The below query consumes more than 1 TB of spool space as the Col11 column has more than 5 million values.
SELECT A.COL1, B.COL2,
FROM TAB1 A
JOIN TAB2 B
ON B.COL2= A.COL3 AND B.COL4= A.COL4 AND B.COL6= 'XYZ'
JOIN TAB3 D
ON D.COL5= A.COL5 AND D.COL4= A.COL4 AND D.COL6= 'EFG'
JOIN VIEW1 C
ON A.COL9= C.COL9 AND A.COL4= C.COL4 AND C.COL6='EFG' AND A.COL7= C.COL8
JOIN Vpd VPRD ON VPRD.COL10=D.COL10
WHERE A.COL4= 2017
AND ((C.COL8 IN('13')) OR (((C.COL8 IN('01', '1B', '8E')))))
AND ( ((B.COL11= 'ABC')))
AND ( ( A.COL1 BETWEEN '2017/07/01' AND '2017/08/01')
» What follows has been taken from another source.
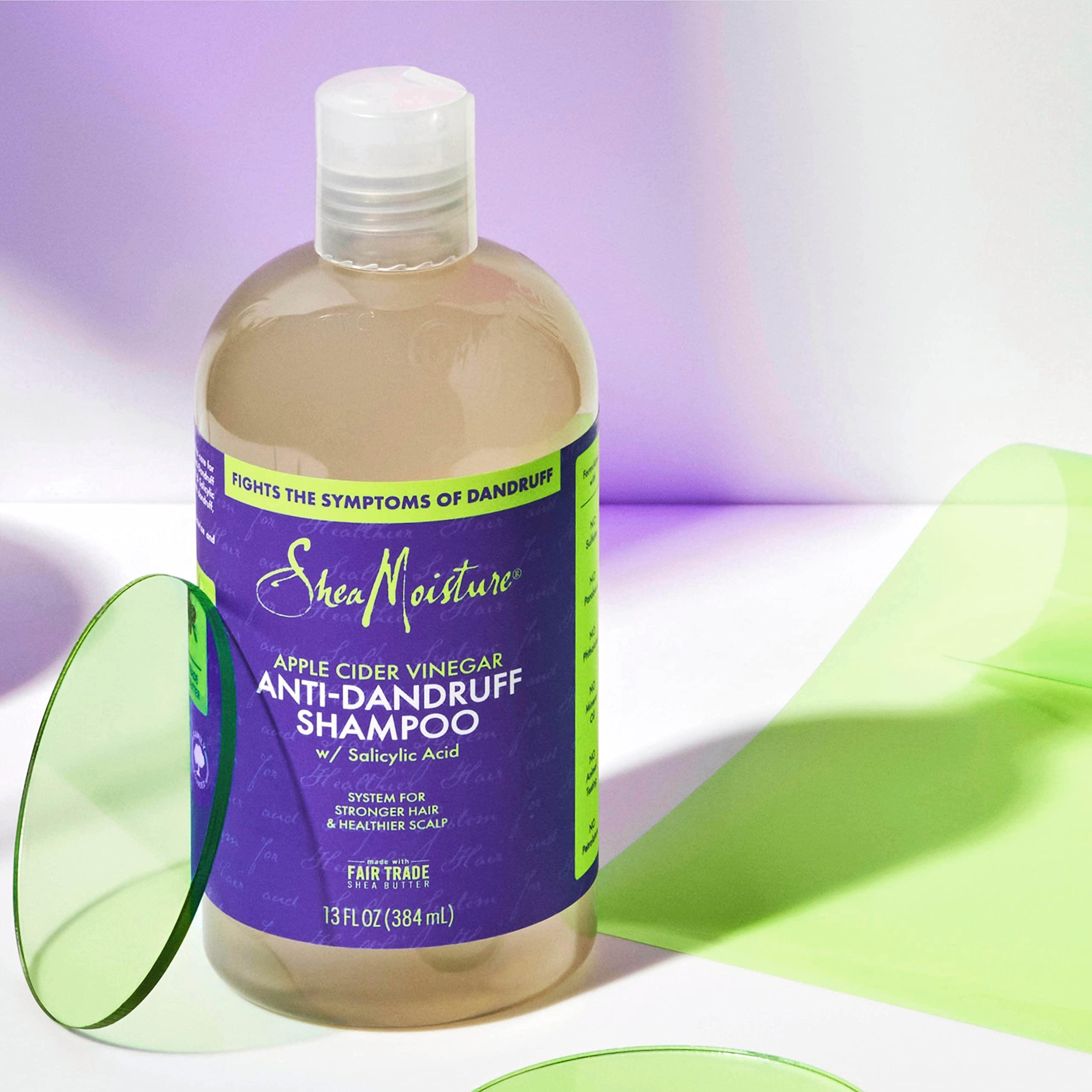 SheaMoisture Hair Care System Anti-Dandruff Shampoo For Stronger Hair & Healthier Scalp Shampoo Formulated With Apple Cider Vinegar And Fair Trade Shea Butter 13oz - Image 12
OR ( A.COL1 BETWEEN '2016/07/01' AND '2016/09/01') )
GROUP BY 1,2;
Its explain plan is as below:
6) We do an all-AMPs RETRIEVE step from VPRD by way of an
all-rows scan with a condition of ("NOT
(VPRD.COL10 IS NULL)") into Spool 4 (all_amps)
(compressed columns allowed), which is duplicated on all AMPs.
The size of Spool 4 is estimated with high confidence to be 2,160
rows (45,360 bytes). The estimated time for this step is 0.01
seconds.
7) We do an all-AMPs JOIN step from a single partition of
TAB2 by way of index # 8 "TAB2.COL4 = 2017,
TAB2.COL6 = 'XYZ ', TAB2.COL11 = 'ABC'" with no residual
conditions, which is joined to Spool 4 (Last Use) by way of an
all-rows scan. TAB2 and Spool 4 are joined using a
product join, with a join condition of ("(1=1)"). The result goes
into Spool 5 (all_amps) (compressed columns allowed), which is
duplicated on all AMPs. Then we do a SORT to order Spool 5 by the
hash code of (TAB2.COL4,VPRD.COL10, 'EFG'). The size of Spool 5
is estimated with high confidence to be 60,480 rows (1,814,400
bytes). The estimated time for this step is 0.01 seconds.
8) We execute the following steps in parallel.
1) We do an all-AMPs JOIN step from Spool 5 (Last Use) by way of
an all-rows scan, which is joined to TAB3 by way of
a traversal of index # 16 without accessing the base table
extracting row ids only. Spool 5 and TAB3 are
joined using a nested join, with a join condition of (
"(COL4 = TAB3.COL4) AND ((COL10 = TAB3.COL10) AND
(TAB3.COL6 = ('EFG' )))"). The result
goes into Spool 6 (all_amps), which is built locally on the
AMPs. Then we do a SORT to order Spool 6 by field Id 1. The
size of Spool 6 is estimated with low confidence to be
162,567 rows (6,340,113 bytes). The estimated time for this
step is 0.01 seconds.
2) We do an all-AMPs RETRIEVE step from
TAB3 by way of an all-rows scan
with a condition of "(TAB3.COL4 = 2017) AND
((TAB3.COL6 = 'EFG') AND((TAB3.COL8 IN
('13','01','1B','8E')) AND (TAB3.HRCY_LVL_ID = 'TERR')))")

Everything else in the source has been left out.